121. If the ground of challenge is that relevant considerations have not been taken into account, the court will normally try to assess the actual or potential importance of the factor that was overlooked,[76] even though this may entail a degree of speculation. The question is whether the validity of the decision is contingent on strict observance of antecedent requirements. In determining what factors may or must be taken into account by the authority, the courts are again faced with problems of statutory interpretation. If relevant factors are specified in the enabling Act it is for the courts to determine whether they are factors to which the authority is compelled to have regard.[77] If so, may other, non-specified considerations be taken into account or are the specified, considerations to be construed as being exhaustive?
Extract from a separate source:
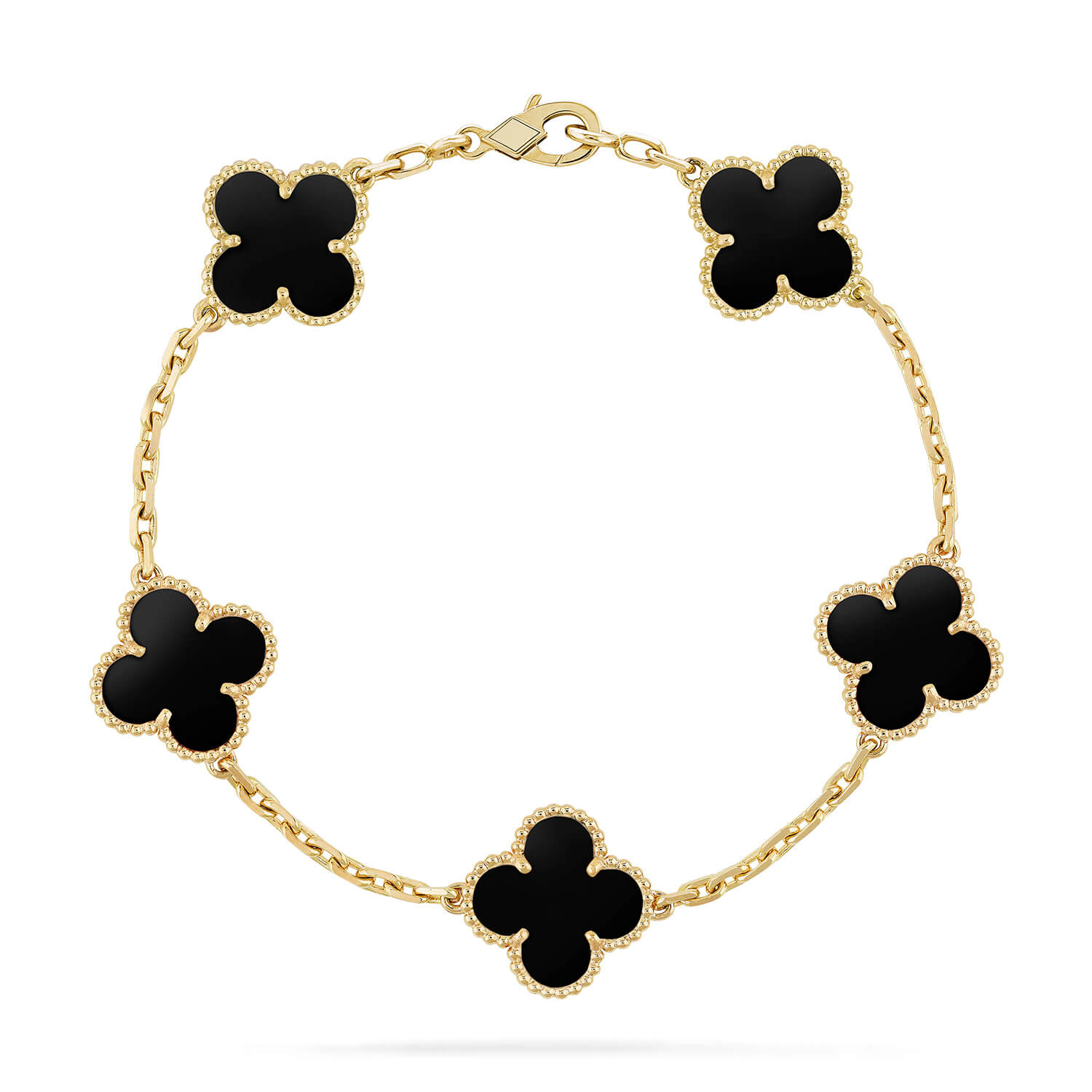 ¡®Jewelicorn¡¯CLOVER  5 MOTIFS BLACK ONYX BRACELET
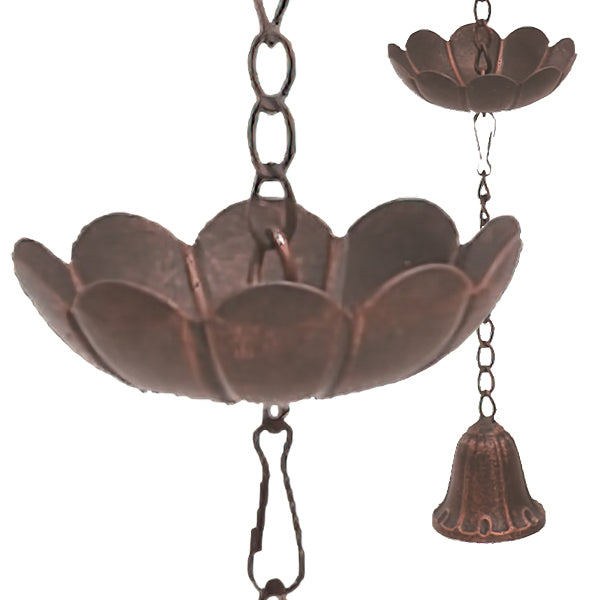55 Inch Iron Spring Flower Rain Chain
122. A decision may be invalid (where an irrelevant consideration has been taken into account by a decision-maker. Two issues commonly arise in applying this criterion; one what matters were taken into account by a decision-maker? This is primarily an issue of fact, to be answered by analysis of evidence; and, two, were any of the matters that were taken into account an irrelevant consideration? This is commonly an issue of law, resolved by construction of the statute that confers a power. A criteria of relevance may also be found outside a statute, by reference to other aspects of the legal framework within which decision-making occurs.
123. A court will be cautious in deciding that an issue that was taken into account was irrelevant. In the simplest scenario, the legislation will exhaustively list the considerations or factors that can be taken into account. However, more often it will be necessary to draw inferences from other features of the legislation, including; Language of the statute, Purpose or object, The subject matter of the statute, The nature of the power being exercised and The nature of the office held by the decision-maker.
124. The principal focus will always be the words of the statute but other legal assumptions may be taken into account by the court, such as: A general legal presumption that legislation can never be administered to advance the personal interests of the decision-maker. Serious factual errors may be equated with irrelevant considerations. A conclusion that a particular matter was considered can often be drawn from such evidence as:-A statement of reasons; Contemporaneous administrative decisions; Reliance by the decision maker upon an irrelevant policy statement etc.
125. The core issue is whether the KEBS reports were irrelevant considerations. A reading of the relevant provisions of the act, the Regulations and the Tender Documents leaves me with no doubt that the KEBS testing was a mandatory requirement, hence, a relevant consideration. To hold otherwise would be an affront to the same provisions of the law that this court is required to hoist high. I find backing in the provisions of section 28 (1) and 173 of the act.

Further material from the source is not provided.